- **Problem**: Would you transcribe each entry exactly as it stands, omitting the pictures?

______

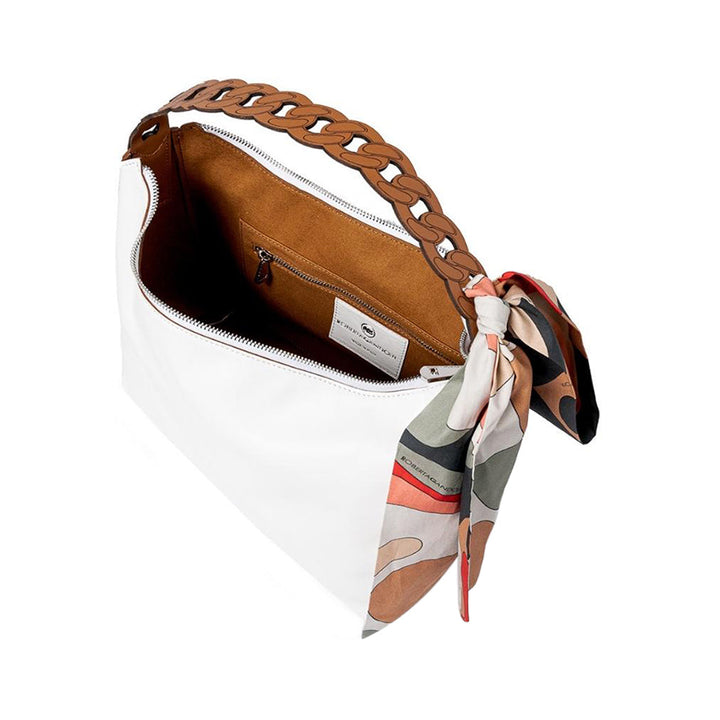 White handbag with brown braided handle and colorful scarf accessory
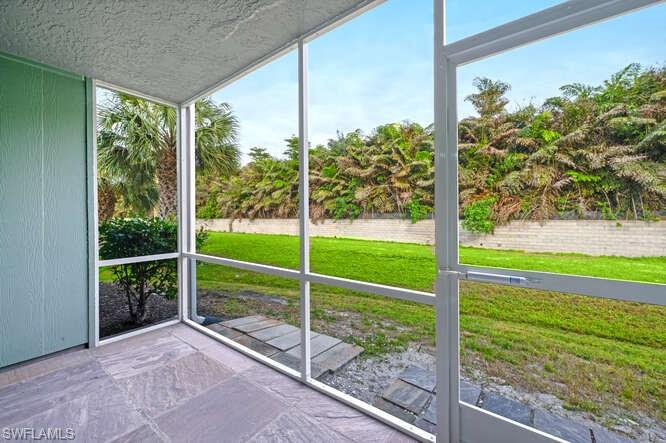 140 Cypress Way East, Unit 601 Naples, FL 34110 - Photo 22 of 27 a view of a room with porch area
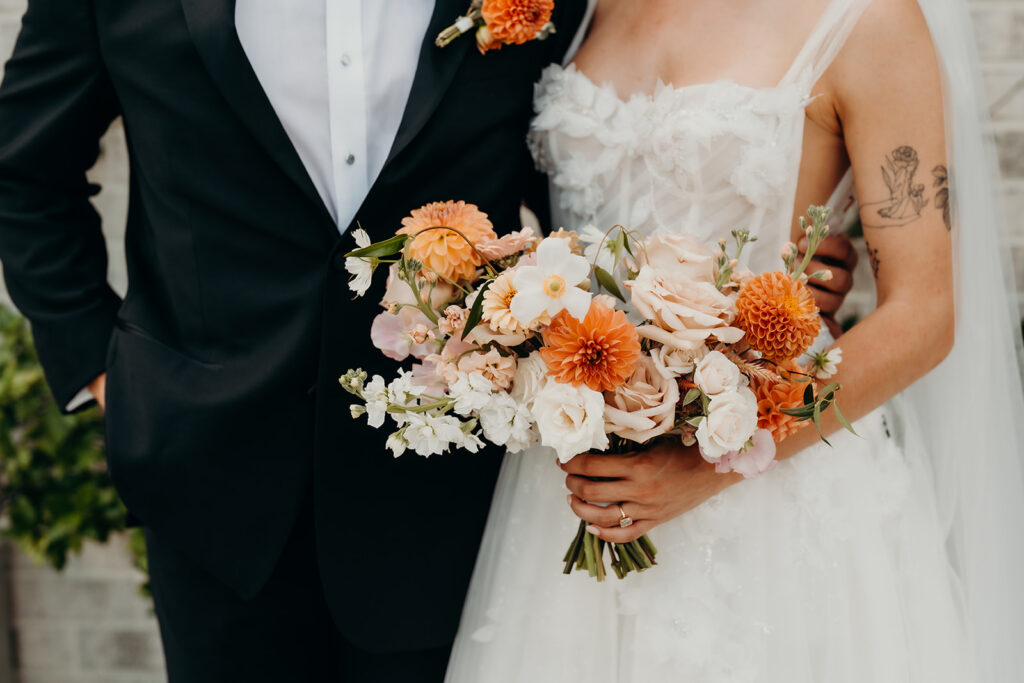 Couple holding flowers showing wedding outfits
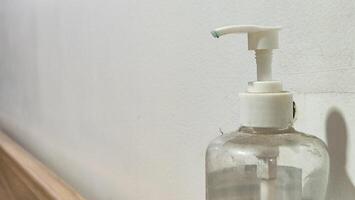 Hand sanitizer hanging on the wall photo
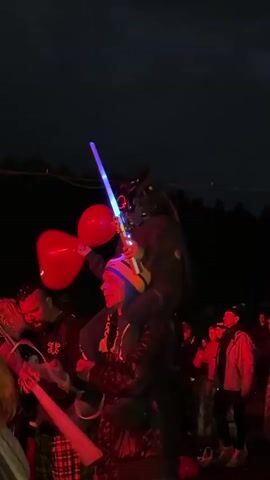 A video captures a man giving a child a shoulder ride at night. The man wears a blue and yellow beanie and a blue jacket. The child, wearing a dark jacket and a Predator-style mask with red glowing eyes, holds two red balloons in one hand and a blue light-up toy sword in the other. Another person, partially visible on the left, also holds a blue light-up sword. The background is dark with faint hints of people and trees. The child raises the sword and balloons in the air.
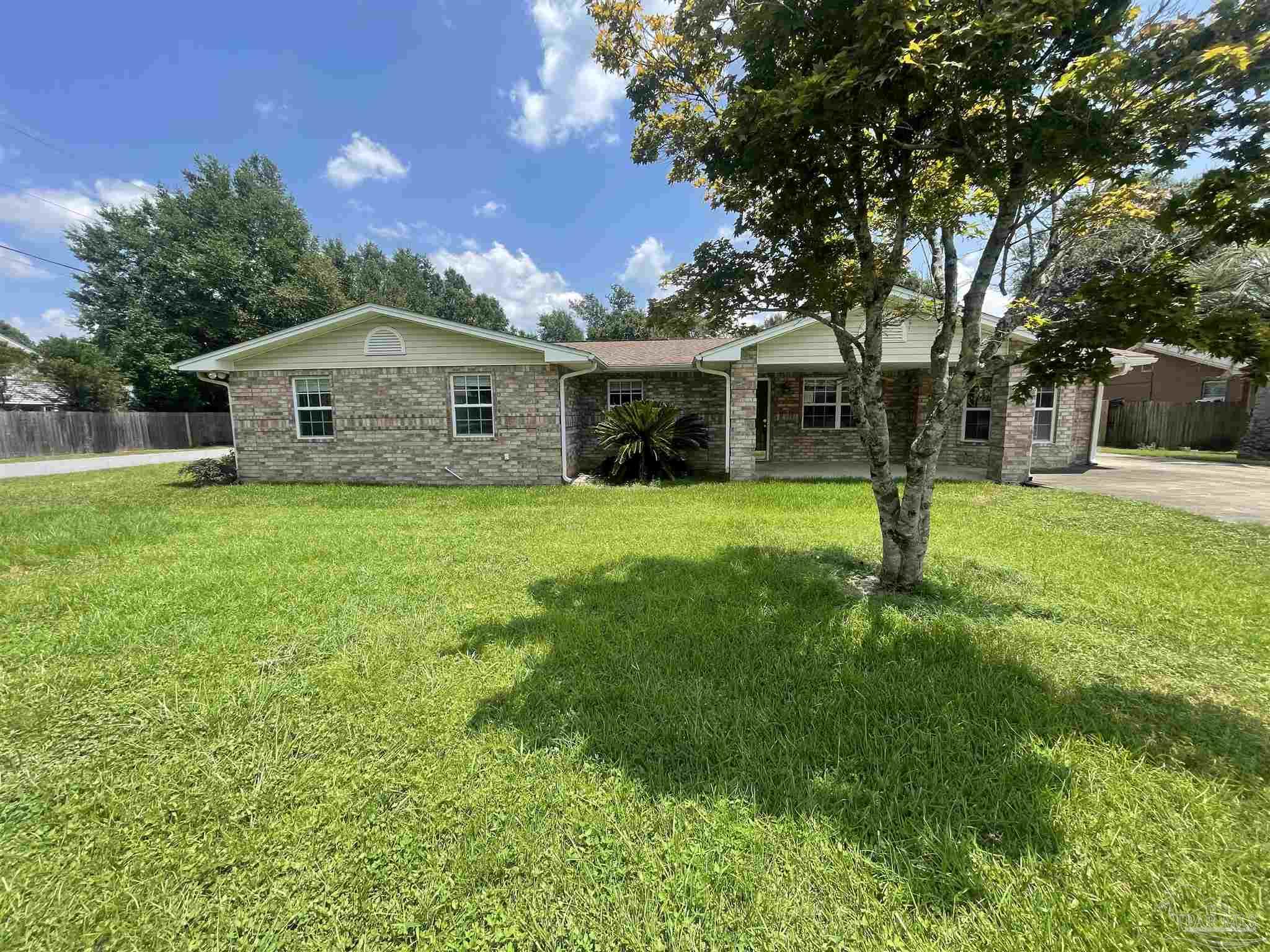 a front view of a house with a yard and trees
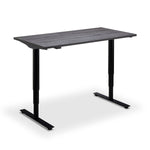 a modern, minimalist standing desk with a sleek, black metal frame and a dark-colored wooden top.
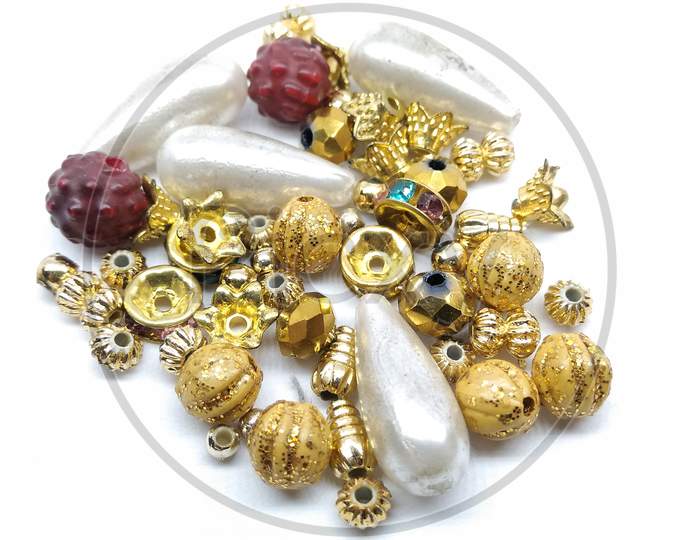 Gold Jewelery beads on isolated White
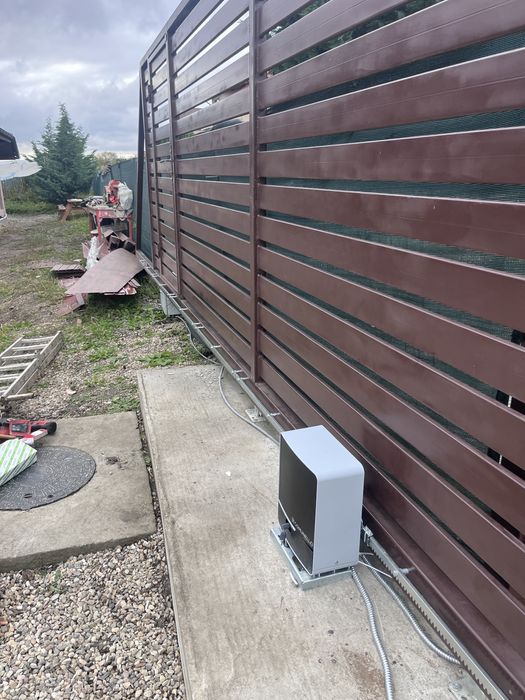 Montaj și automatizări – uși secționale, bariere, sisteme de acces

______

- **Expected output**:
 White handbag with brown braided handle and colorful scarf accessory
 140 Cypress Way East, Unit 601 Naples, FL 34110 - Photo 22 of 27 a view of a room with porch area
 Couple holding flowers showing wedding outfits
 Hand sanitizer hanging on the wall photo
 A video captures a man giving a child a shoulder ride at night. The man wears a blue and yellow beanie and a blue jacket. The child, wearing a dark jacket and a Predator-style mask with red glowing eyes, holds two red balloons in one hand and a blue light-up toy sword in the other. Another person, partially visible on the left, also holds a blue light-up sword. The background is dark with faint hints of people and trees. The child raises the sword and balloons in the air.
 a front view of a house with a yard and trees
 a modern, minimalist standing desk with a sleek, black metal frame and a dark-colored wooden top.
 Gold Jewelery beads on isolated White
 Montaj și automatizări – uși secționale, bariere, sisteme de acces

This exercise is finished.